A timing graph G is a weighted directed graph representing the timing information of a circuit. A vertex  $v_i$  corresponds to a net in the circuit. An edge  $e_{ij}$ represents a delay between vertices  $v_i$  and  $v_j$ . Each  $e_{ij}$  has a weight  $d_{ij}$ , which is the magnitude of the delay between vertices  $v_i$  and  $v_j$ . Compared with the circuit netlist,  $e_{ij}$  corresponds to a pin to pin delay of a circuit component. When interconnects are considered, the delay of an interconnect is also represented by an edge. A timing path denoted as  $p_{ij}$  is a set of consecutive connected edges between vertices  $v_i$  and  $v_j$ . The path delay is the sum of the weights of all the edges on path  $p_{ij}$  and is also denoted as  $d_{ij}$ . The set of all paths and their delays between vertices  $v_i$  and  $v_j$  are denoted as  $P_{ij}$  and  $D_{ij}$  respectively. A sub-graph is a set of edges from the timing graph and their source/sink vertices, denoted as  $G\{e_{i_1j_1}, e_{i_2j_2}, \ldots\}$ . In Fig. 1 the circuit c17 from the ISCAS85 benchmarks and its corresponding timing graph are illustrated without considering interconnects.

## 2.2 Formulation of the Hierarchical Timing Model

The target of static timing analysis is to compute the maximum delay between the inputs and the outputs of a circuit. In order to do this, a variable  $a_i$  is assigned to each vertex  $v_i$  in the timing graph, called *arrival time*. Then the timing graph is traversed by propagating the arrival times through all vertices until the output vertices are reached.

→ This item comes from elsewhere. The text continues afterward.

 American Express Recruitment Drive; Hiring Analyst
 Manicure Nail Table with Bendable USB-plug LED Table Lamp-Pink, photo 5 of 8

In hierarchical timing analysis, sub-modules are replaced by pre-characterized timing models. A *timing model* is a timing graph including a new set of internal edges and vertices but with the same inputs and outputs as the original timing graph. A timing model must contain the exact timing information needed by the higher level. Additionally, the timing model of a sub-module should be as



Fig. 1. c17 and its Timing Graph



small as possible to accelerate the arrival time propagation at high level. When characterizing a sub-module, especially an IP block, the application environment is unknown. For this reason, no assumption about the arrival times at the inputs of the sub-module should be made.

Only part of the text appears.